* [TASK GOAL] A faithful copy of the data below is required, leaving out every picture.

* [RAW DATA]
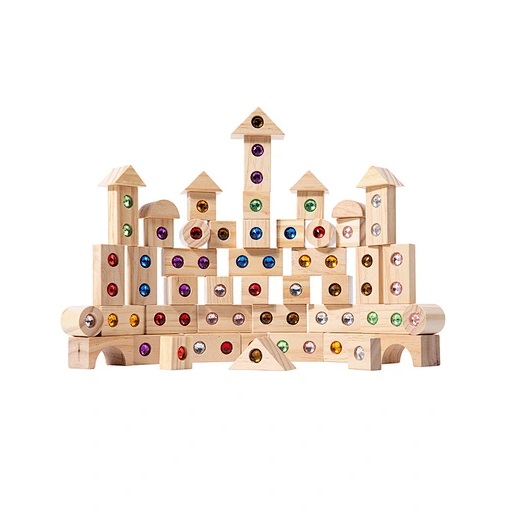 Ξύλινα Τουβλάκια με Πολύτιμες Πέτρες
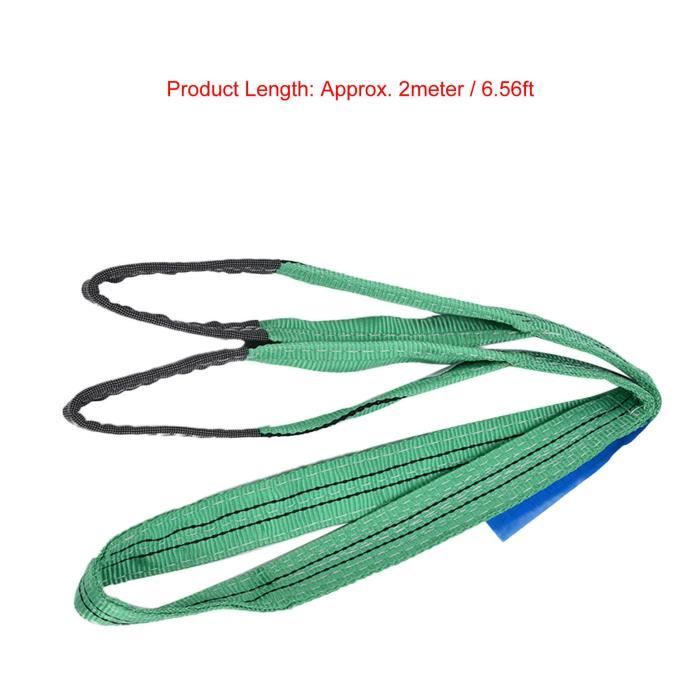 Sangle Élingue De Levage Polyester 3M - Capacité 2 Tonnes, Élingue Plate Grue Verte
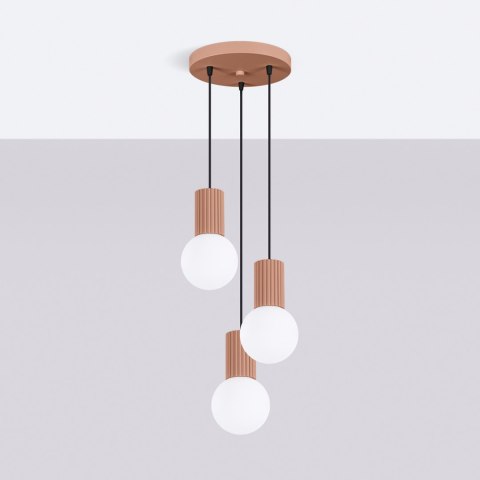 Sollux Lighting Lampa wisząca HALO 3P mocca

* [EXPECTED OUTPUT]
 Ξύλινα Τουβλάκια με Πολύτιμες Πέτρες
 Sangle Élingue De Levage Polyester 3M - Capacité 2 Tonnes, Élingue Plate Grue Verte
 Sollux Lighting Lampa wisząca HALO 3P mocca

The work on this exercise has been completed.